> [Requirement] The copy should begin at the line containing "Control panel functions, Front" and end with the last line below, every line exact and no picture included.

Short descriptive text snippets

((

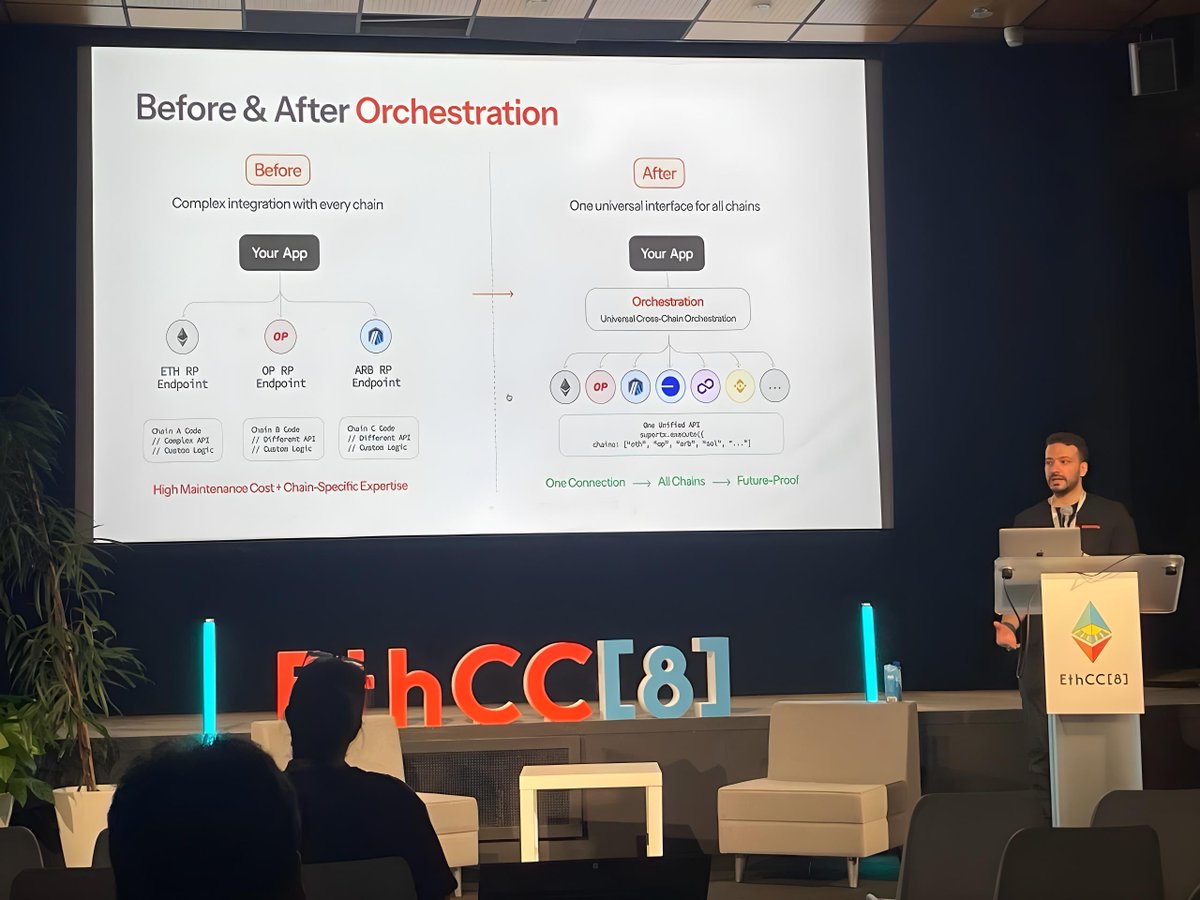 Biconomy (@biconomy) on Twitter photo Our <a href="/AraBalaghi/">Ahmed</a> spoke at <a href="/EthCC/">EthCC - Ethereum Community Conference</a> about transaction orchestration enabling complex multi-step DeFi operations ๐๏ธ
EIP-7702 accelerates this with one-click cross-chain workflows, TypeScript development, and bundled signatures.
The future of Web3 UX is already here ๐ Our <a href="/AraBalaghi/">Ahmed</a> spoke at <a href="/EthCC/">EthCC - Ethereum Community Conference</a> about transaction orchestration enabling complex multi-step DeFi operations ๐๏ธ
EIP-7702 accelerates this with one-click cross-chain workflows, TypeScript development, and bundled signatures.
The future of Web3 UX is already here ๐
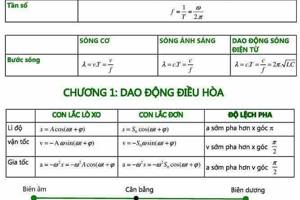 Bảng tóm tắt kiến thức Vật Lý lớp 12
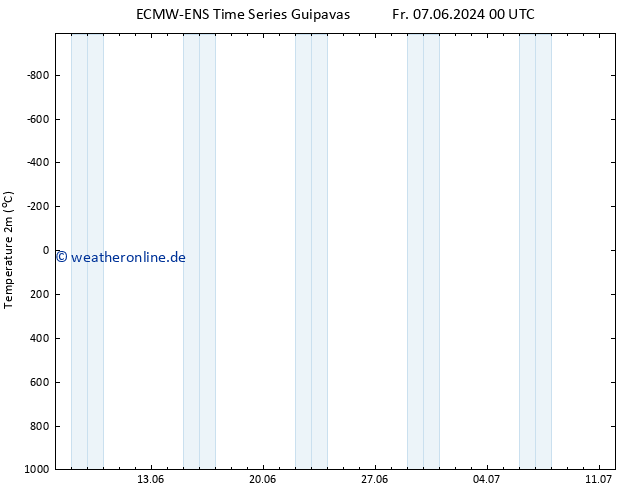 Temperaturkarte (2m) ALL TS Fr 07.06.2024 06 UTC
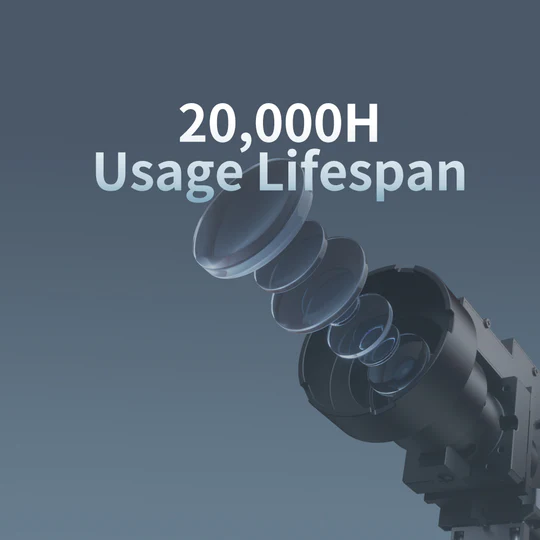 Usage Lifespan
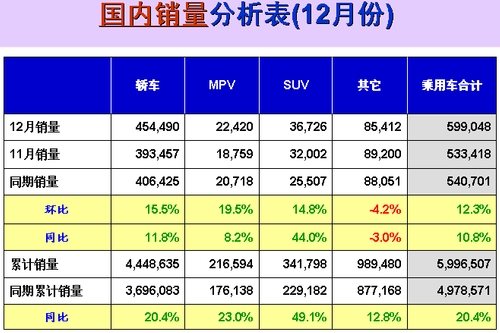 乘联会：07年乘用车累计销售600万辆（表）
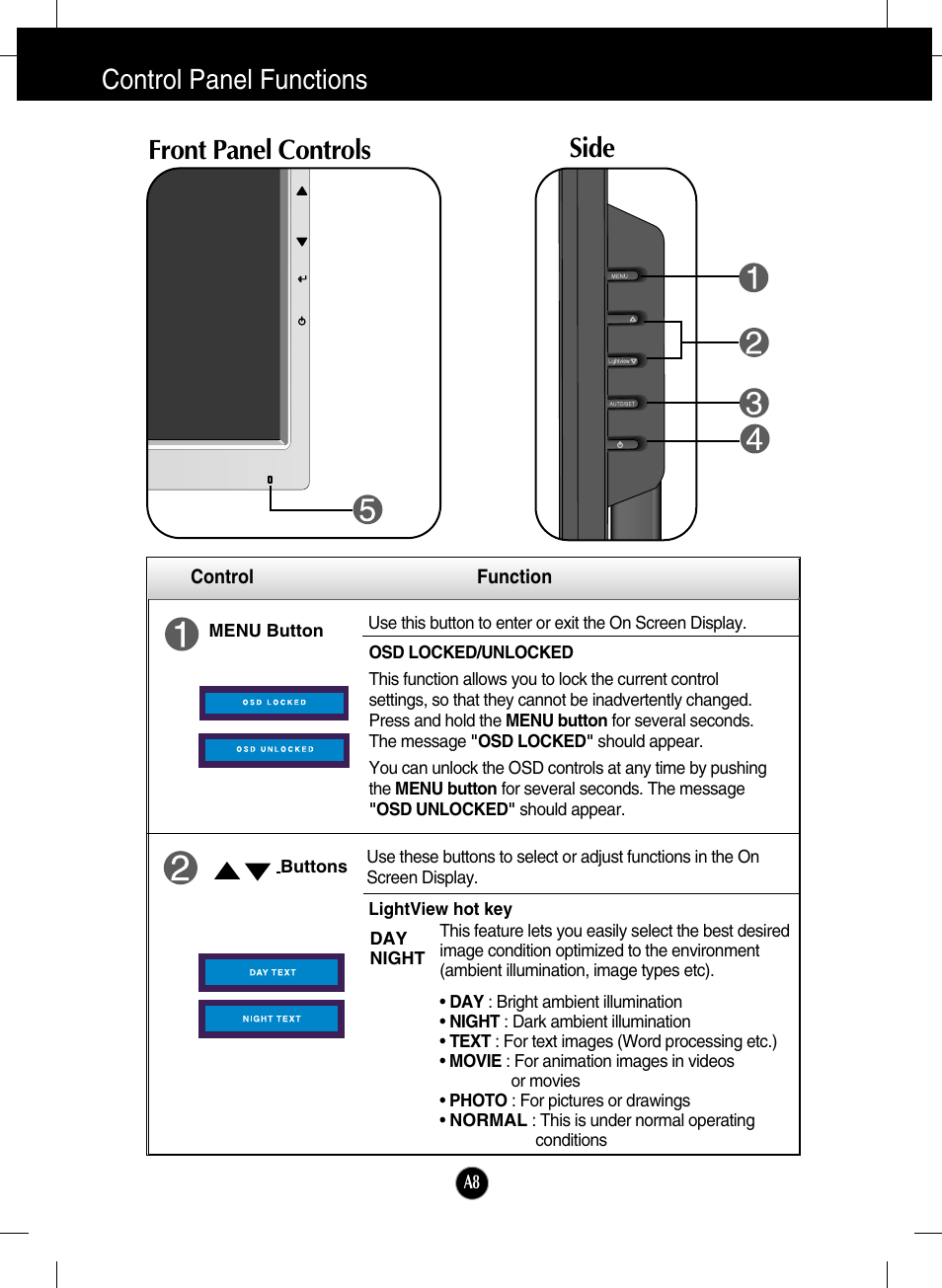 Control panel functions, Front panel controls, Side | Front panel controls side | LG L1718S-BN User Manual | Page 9 / 23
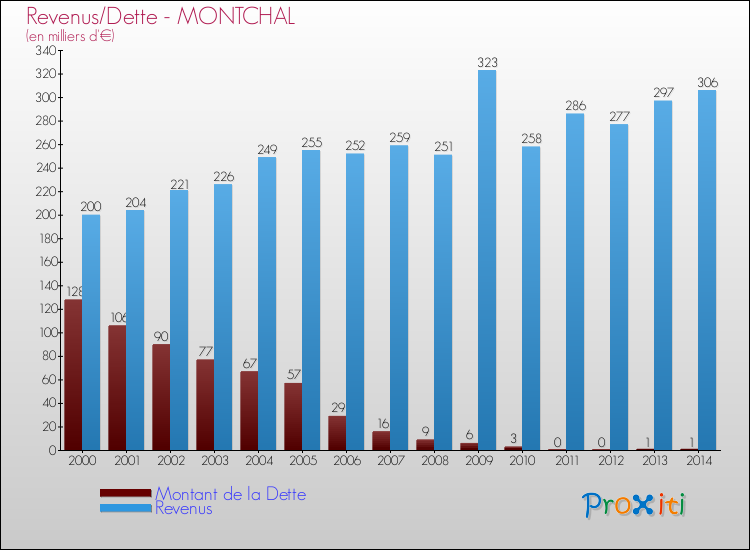 Evolution comparée de la dette et des revenus pour la commune de MONTCHAL de 2000 à 2014 Comparaison de la dette et des revenus pour MONTCHAL de 2000 à 2014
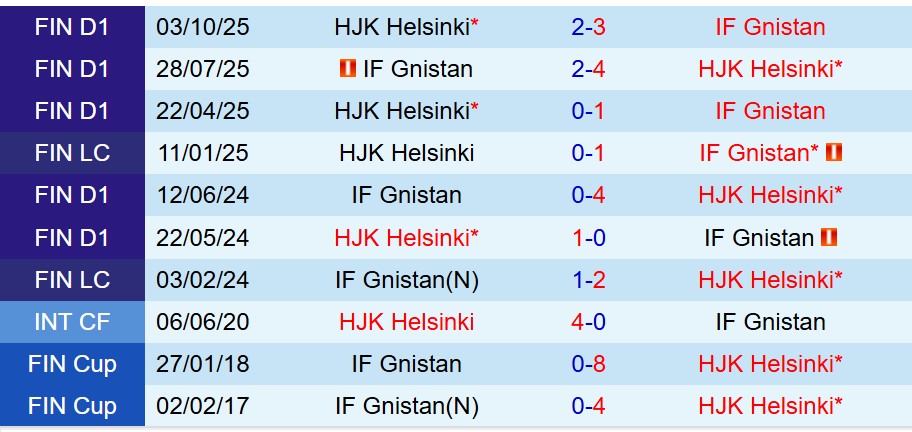Nhận định Gnistan vs HJK Helsinki 0h00 ngày 411 (VĐQG Phần Lan) 1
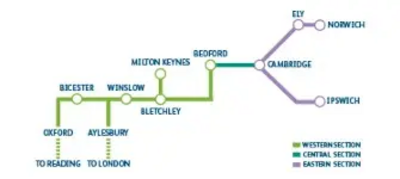 East West Rail Map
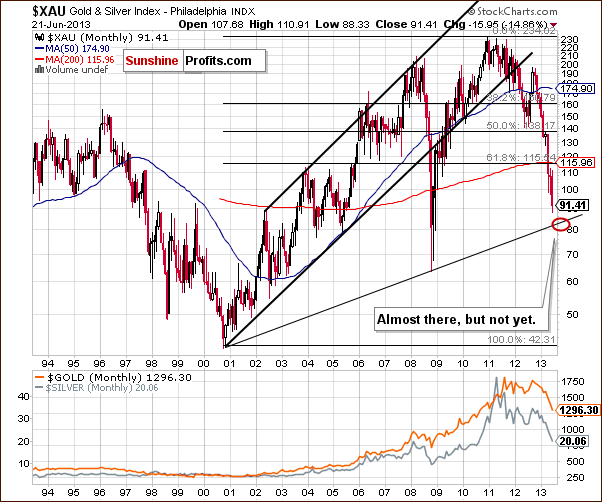 Long-term Gold and Silver Index - XAU - proxy for mining stocks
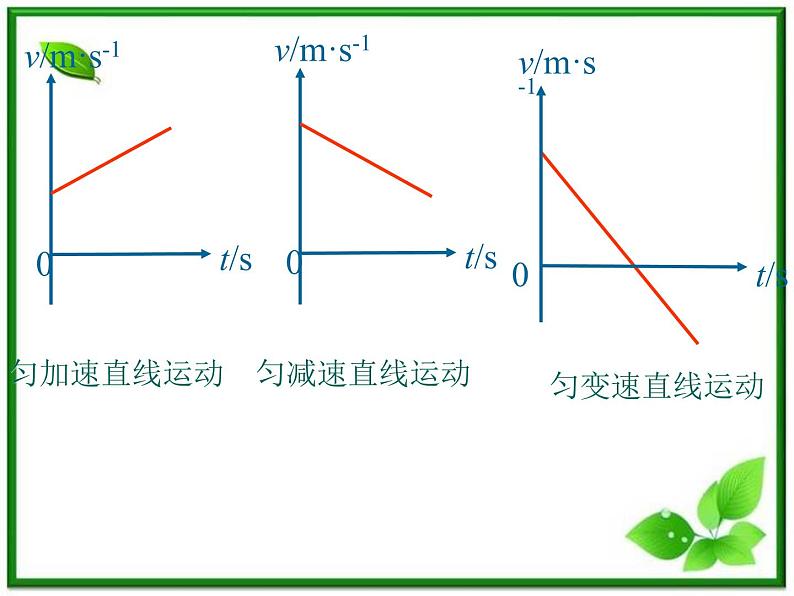 高中物理人教版必修1《匀变速直线运动的速度与时间的关系》课件PPT第6页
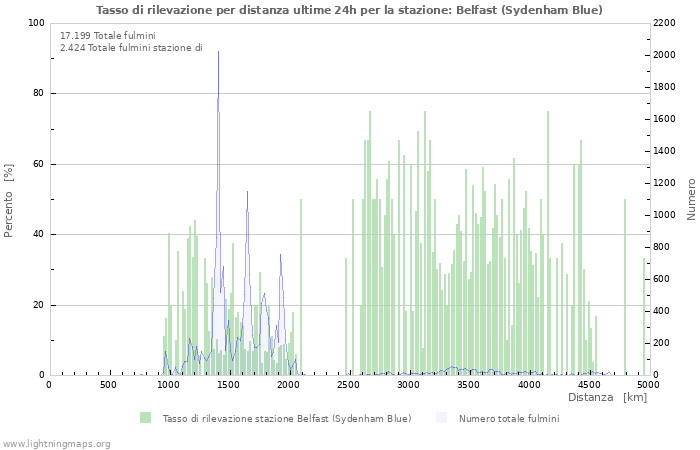 Grafico: Tasso di rilevazione per distanza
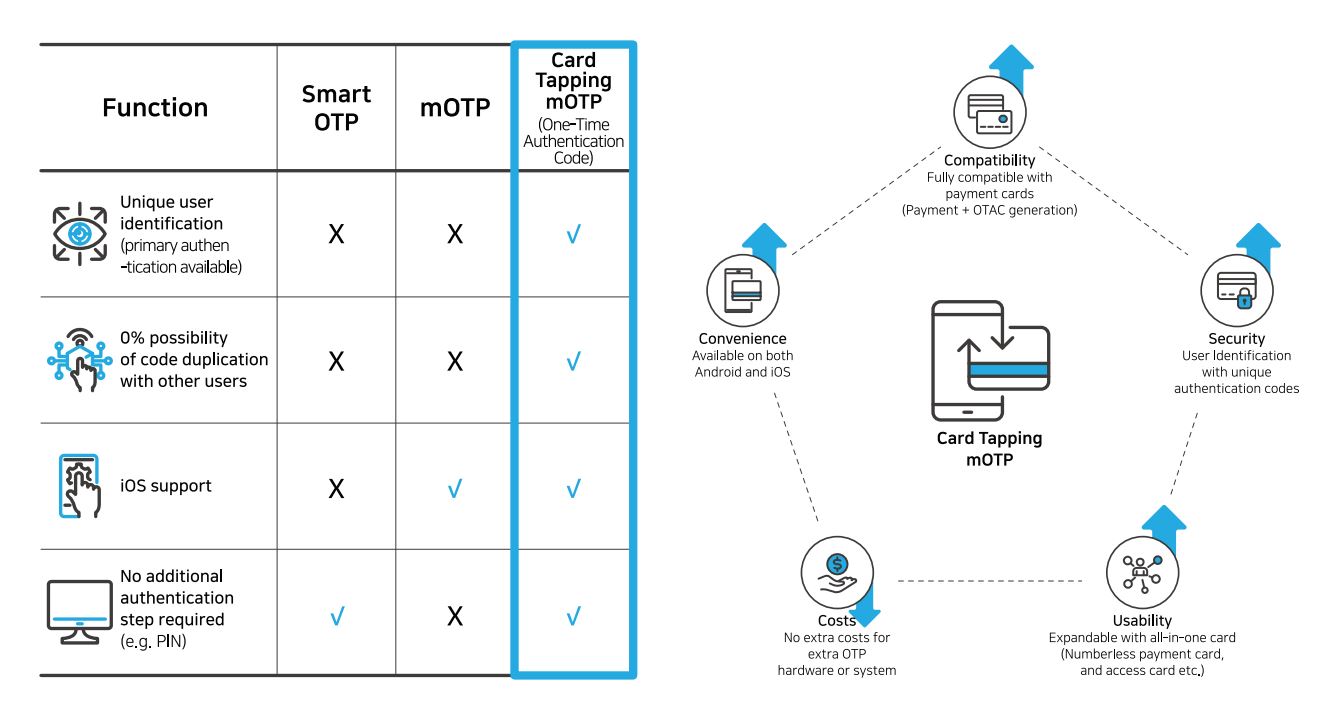 Card tapping mOTP_1_eng Card tapping mOTP_1_eng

))

> [Solution to this task]
 Control panel functions, Front panel controls, Side | Front panel controls side | LG L1718S-BN User Manual | Page 9 / 23
 Evolution comparée de la dette et des revenus pour la commune de MONTCHAL de 2000 à 2014 Comparaison de la dette et des revenus pour MONTCHAL de 2000 à 2014
Nhận định Gnistan vs HJK Helsinki 0h00 ngày 411 (VĐQG Phần Lan) 1
 East West Rail Map
 Long-term Gold and Silver Index - XAU - proxy for mining stocks
 高中物理人教版必修1《匀变速直线运动的速度与时间的关系》课件PPT第6页
 Grafico: Tasso di rilevazione per distanza
 Card tapping mOTP_1_eng Card tapping mOTP_1_eng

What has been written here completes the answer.